* WHAT YOU ARE ASKED TO DO: Reproduce exactly, from the data that follows, the line with "Tan Faux Suede", the line with "1 Pack Copper", and every line that lies between them.

* DATA RECORDS:
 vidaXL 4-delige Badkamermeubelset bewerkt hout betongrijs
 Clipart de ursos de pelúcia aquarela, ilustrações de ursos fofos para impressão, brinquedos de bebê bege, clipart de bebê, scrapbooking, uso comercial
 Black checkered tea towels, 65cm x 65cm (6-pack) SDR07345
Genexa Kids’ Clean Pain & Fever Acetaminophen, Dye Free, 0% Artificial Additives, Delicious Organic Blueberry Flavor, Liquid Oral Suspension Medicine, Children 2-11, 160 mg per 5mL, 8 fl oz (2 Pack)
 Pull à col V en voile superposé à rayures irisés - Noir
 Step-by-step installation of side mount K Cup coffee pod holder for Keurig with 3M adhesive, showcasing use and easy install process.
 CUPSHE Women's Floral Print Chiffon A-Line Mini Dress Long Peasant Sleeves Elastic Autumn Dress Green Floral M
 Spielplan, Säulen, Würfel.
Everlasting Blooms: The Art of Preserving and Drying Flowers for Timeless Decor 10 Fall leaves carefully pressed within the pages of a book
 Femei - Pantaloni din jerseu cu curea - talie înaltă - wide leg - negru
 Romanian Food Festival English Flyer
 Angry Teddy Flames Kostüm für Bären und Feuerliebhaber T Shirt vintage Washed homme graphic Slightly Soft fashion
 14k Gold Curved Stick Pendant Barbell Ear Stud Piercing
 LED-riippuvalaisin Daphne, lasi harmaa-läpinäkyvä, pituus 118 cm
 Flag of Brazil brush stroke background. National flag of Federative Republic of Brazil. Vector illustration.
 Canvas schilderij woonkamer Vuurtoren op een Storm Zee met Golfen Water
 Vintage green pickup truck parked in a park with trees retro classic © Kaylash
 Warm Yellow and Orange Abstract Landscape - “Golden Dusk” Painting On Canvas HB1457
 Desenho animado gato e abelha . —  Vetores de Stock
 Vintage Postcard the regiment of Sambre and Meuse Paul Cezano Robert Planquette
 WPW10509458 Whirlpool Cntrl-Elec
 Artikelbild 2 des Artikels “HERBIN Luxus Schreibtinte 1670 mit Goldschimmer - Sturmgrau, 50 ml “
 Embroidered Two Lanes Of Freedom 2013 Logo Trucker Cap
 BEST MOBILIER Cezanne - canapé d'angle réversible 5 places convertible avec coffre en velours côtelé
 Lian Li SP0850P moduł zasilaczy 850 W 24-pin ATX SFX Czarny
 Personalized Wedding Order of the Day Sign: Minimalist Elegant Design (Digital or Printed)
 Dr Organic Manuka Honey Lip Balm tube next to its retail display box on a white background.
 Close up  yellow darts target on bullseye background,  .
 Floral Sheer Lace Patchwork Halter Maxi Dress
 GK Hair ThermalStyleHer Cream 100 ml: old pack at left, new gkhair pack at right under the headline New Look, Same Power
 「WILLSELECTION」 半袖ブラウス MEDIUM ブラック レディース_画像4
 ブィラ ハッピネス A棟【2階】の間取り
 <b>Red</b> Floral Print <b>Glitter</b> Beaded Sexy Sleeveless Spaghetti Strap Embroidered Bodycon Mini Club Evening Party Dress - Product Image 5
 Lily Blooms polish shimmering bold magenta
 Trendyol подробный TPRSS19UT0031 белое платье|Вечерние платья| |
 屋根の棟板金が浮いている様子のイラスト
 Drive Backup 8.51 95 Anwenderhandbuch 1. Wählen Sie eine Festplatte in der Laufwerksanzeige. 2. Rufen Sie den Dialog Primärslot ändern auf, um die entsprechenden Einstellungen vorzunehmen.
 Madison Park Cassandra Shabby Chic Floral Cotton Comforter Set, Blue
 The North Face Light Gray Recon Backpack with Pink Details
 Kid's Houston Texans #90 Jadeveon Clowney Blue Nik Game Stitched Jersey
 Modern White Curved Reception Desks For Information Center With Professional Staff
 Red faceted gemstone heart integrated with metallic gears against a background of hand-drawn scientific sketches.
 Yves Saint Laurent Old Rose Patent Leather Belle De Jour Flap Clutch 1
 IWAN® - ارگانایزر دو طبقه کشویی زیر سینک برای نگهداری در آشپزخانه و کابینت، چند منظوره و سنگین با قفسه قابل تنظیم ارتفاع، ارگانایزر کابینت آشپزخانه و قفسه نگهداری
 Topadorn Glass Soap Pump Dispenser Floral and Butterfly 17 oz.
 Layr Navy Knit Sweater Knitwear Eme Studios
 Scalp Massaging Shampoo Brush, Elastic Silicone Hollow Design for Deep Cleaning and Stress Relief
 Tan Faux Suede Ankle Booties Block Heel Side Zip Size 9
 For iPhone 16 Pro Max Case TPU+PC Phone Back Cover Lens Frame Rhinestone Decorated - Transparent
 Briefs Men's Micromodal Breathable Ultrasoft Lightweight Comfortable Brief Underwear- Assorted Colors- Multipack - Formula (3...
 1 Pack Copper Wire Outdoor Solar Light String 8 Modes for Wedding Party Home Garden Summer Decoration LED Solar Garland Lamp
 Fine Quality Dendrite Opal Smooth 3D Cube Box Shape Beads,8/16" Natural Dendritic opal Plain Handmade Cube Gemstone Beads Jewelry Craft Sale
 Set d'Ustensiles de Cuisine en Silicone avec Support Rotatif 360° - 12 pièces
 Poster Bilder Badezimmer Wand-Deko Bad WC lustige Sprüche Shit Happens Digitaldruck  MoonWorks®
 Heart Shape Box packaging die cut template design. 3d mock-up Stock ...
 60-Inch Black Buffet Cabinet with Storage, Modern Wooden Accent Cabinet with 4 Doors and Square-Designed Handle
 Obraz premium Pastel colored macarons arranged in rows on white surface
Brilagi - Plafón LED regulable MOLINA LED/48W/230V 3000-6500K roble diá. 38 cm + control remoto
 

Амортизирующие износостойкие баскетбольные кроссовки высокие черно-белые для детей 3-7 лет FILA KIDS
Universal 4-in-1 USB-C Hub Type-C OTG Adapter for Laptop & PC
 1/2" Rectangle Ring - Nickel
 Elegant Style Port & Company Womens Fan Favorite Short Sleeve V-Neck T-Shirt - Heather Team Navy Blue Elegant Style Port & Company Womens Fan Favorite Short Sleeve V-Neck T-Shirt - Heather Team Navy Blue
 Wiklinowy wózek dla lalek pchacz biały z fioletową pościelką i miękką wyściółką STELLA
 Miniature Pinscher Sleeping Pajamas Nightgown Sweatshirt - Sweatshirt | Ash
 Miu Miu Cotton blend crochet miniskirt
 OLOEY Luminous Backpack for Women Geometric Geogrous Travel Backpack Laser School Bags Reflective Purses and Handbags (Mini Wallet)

* SOLUTION BELOW:
 Tan Faux Suede Ankle Booties Block Heel Side Zip Size 9
 For iPhone 16 Pro Max Case TPU+PC Phone Back Cover Lens Frame Rhinestone Decorated - Transparent
 Briefs Men's Micromodal Breathable Ultrasoft Lightweight Comfortable Brief Underwear- Assorted Colors- Multipack - Formula (3...
 1 Pack Copper Wire Outdoor Solar Light String 8 Modes for Wedding Party Home Garden Summer Decoration LED Solar Garland Lamp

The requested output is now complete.